Aubergines Middle Eastern Style

This entry is filed under Vegetarian Recipes.

stuffed aubergine

Sweet fragrant and exotic

We ate mostly vegetarian last week, not because we’re on some major health kick, (although I do feel better for it) but because I bought a ton of vegetables fearing they’d disappear from the shops during last weeks flight crisis.

On the menu was the sage and parmesan gnocchi which if you haven’t made it yet, you don’t know what you’re missing! It is spectacularly easy and tastes delicious. Don’t let the gnocchi word put you off, it is not remotely fiddly – just stir a few ingredients together on the stove then bake in the oven.
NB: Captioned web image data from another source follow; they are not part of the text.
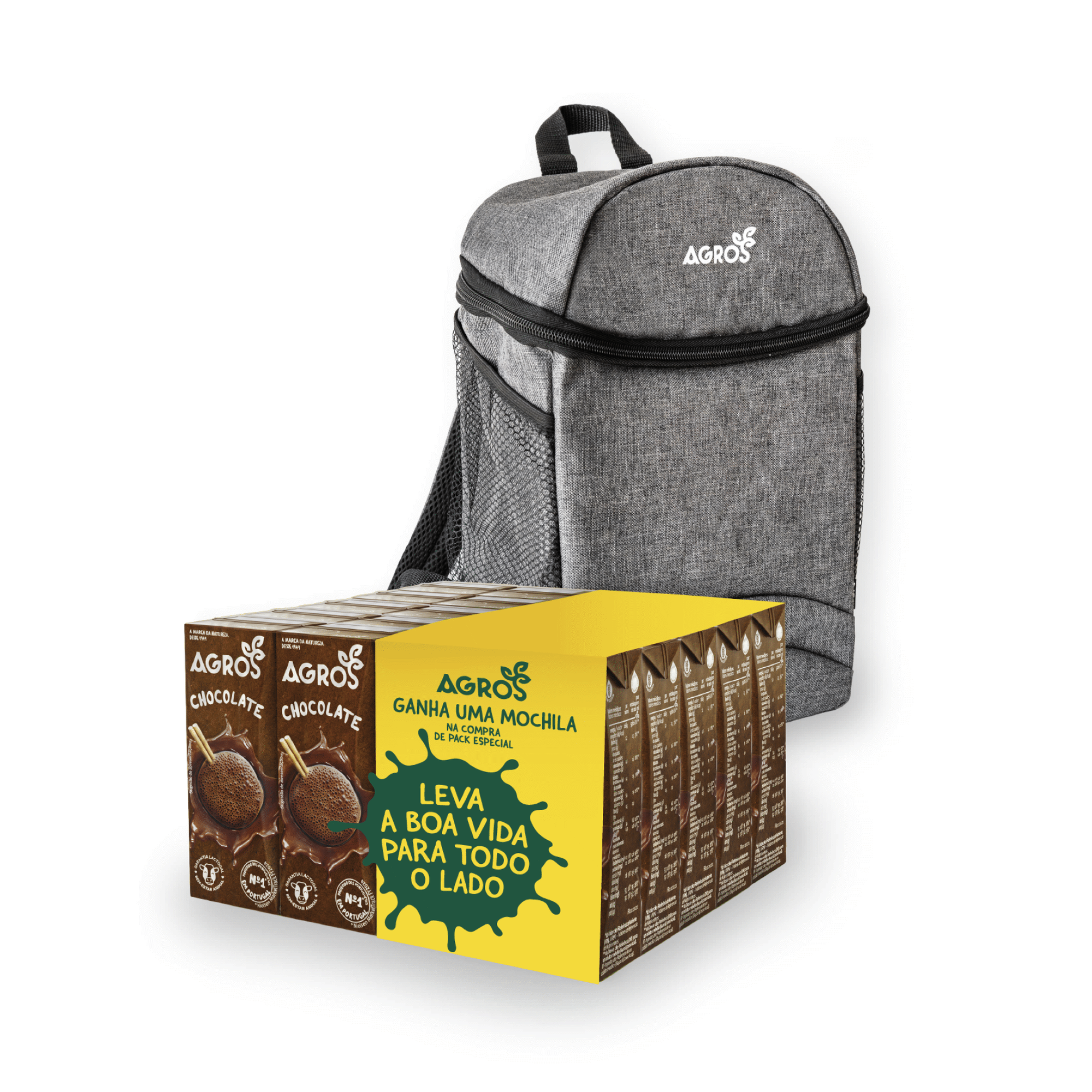 Leite com Chocolate Agros com Oferta Mochila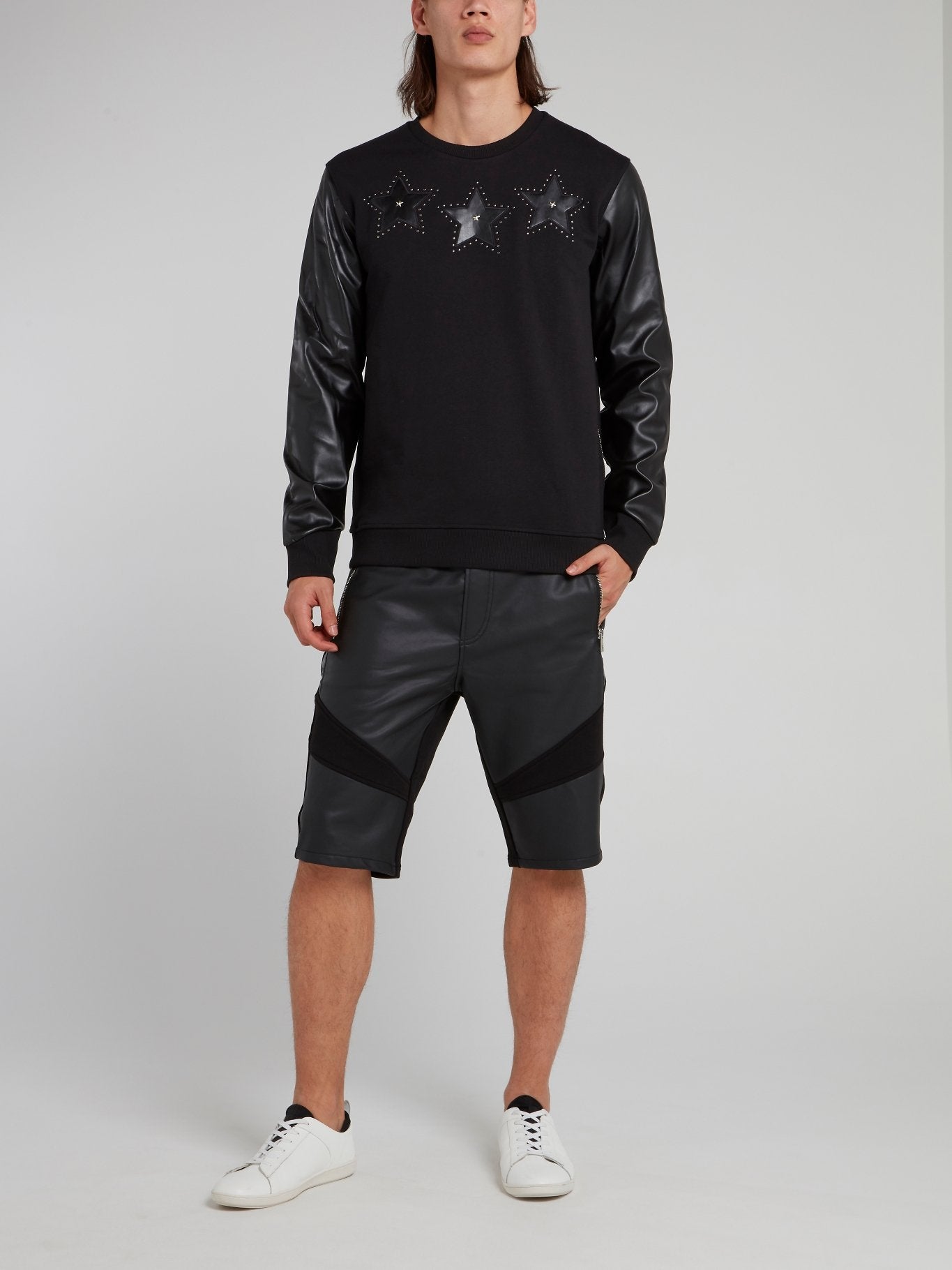 Black Leather Panel Sweatshirt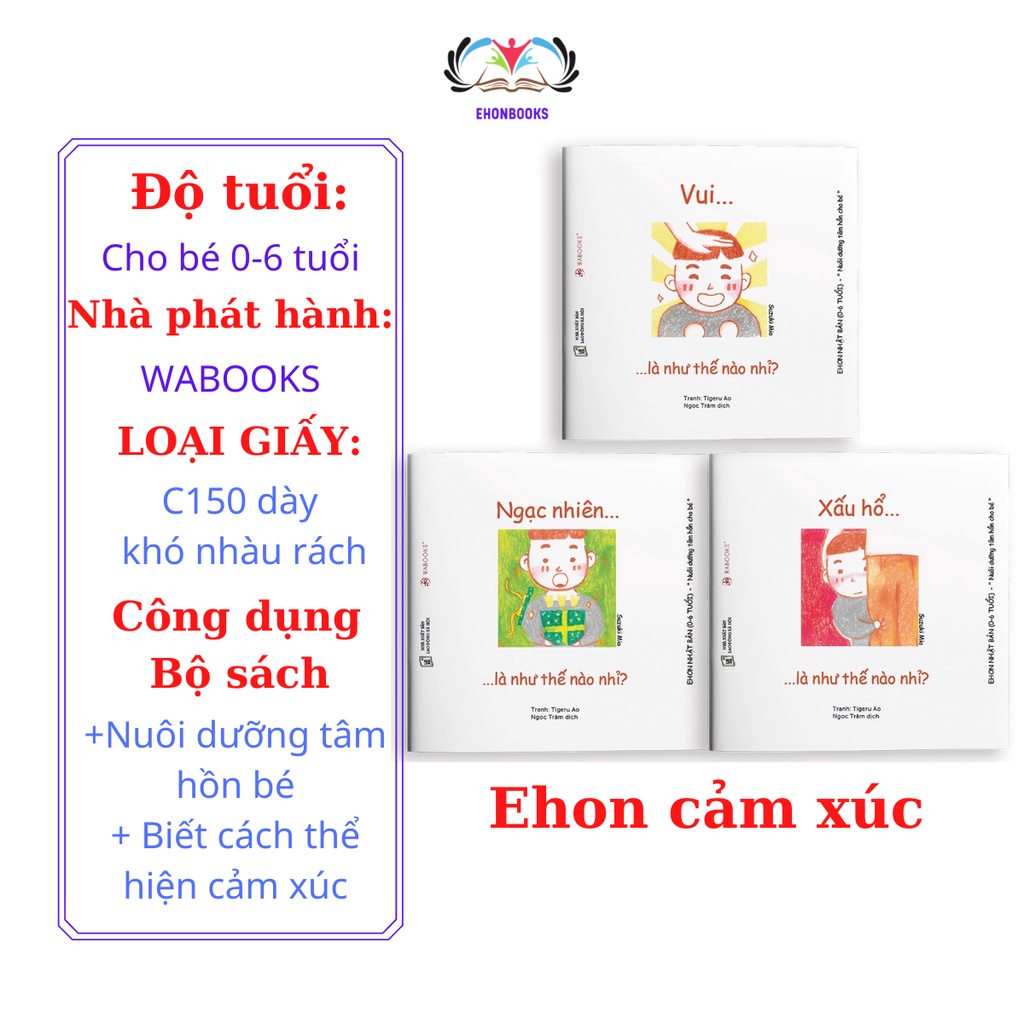 Sách Ehon Điều kì diệu Cảm xúc Ehon Nhật Bản cho bé từ 0 6 tuổi wabooks combo 3 cuốn
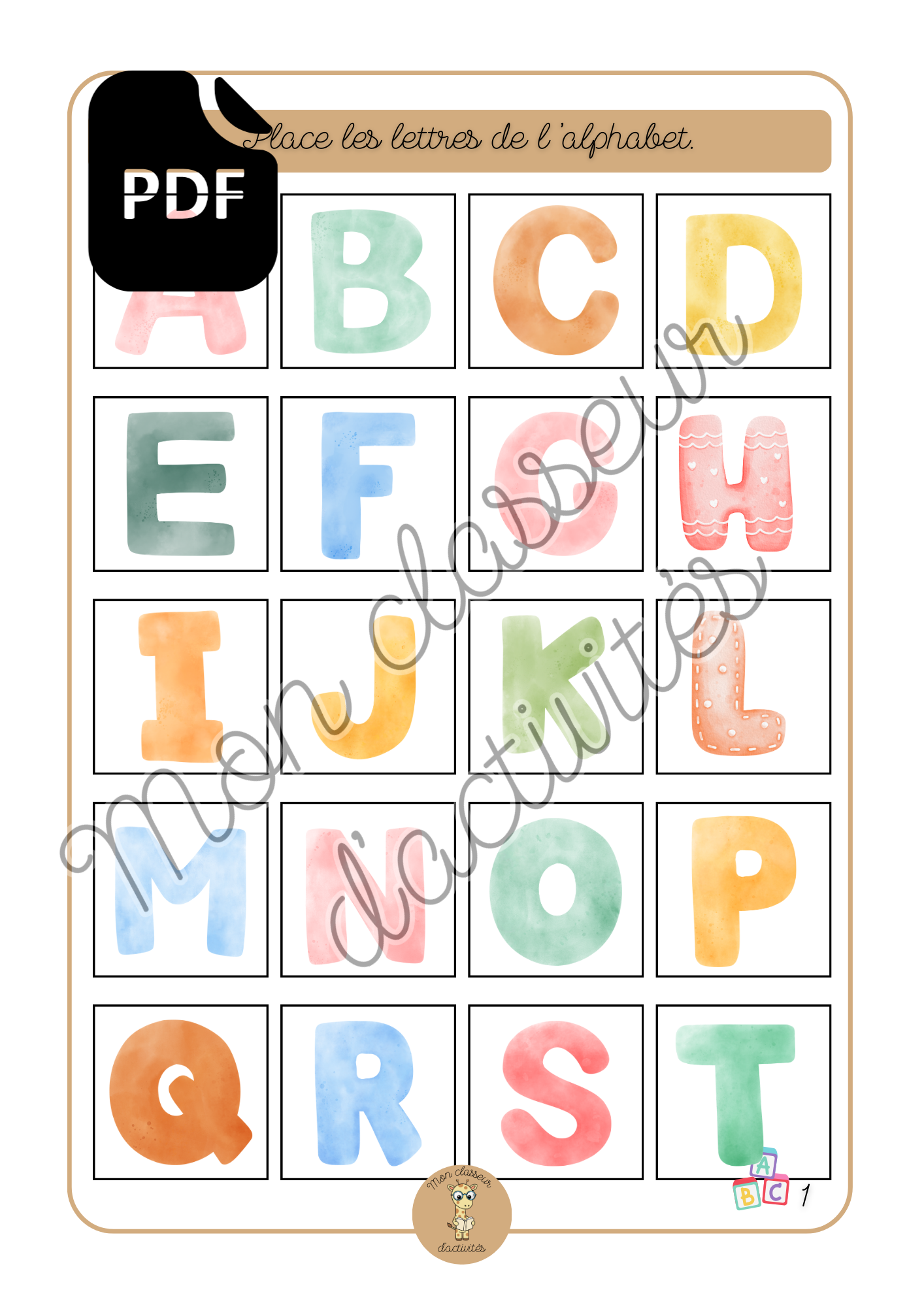 PDF- L'alphabet - Fiche 1 et Fiche 2"Place les lettres de l'alphabe"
The taste and texture are amazing either hot or cold.

Anyway I digress, we had two aubergine to eat, but I didn’t fancy ratatouille or vegetarian moussaka. I was wondering what to do with them when I remembered a dish I used to cook for guests when we were sailing around the Med.

It’s called Imam Bayaldi, named after the holy man who apparently swooned when he ate it. A middle eastern dish of oven baked aubergines, filled with fresh tomatoes, peppers, onions and parsley. But it’s the cinnamon and allspice that lift this dish and make it special, giving it a delicate sweet flavour and a touch of the exotic. 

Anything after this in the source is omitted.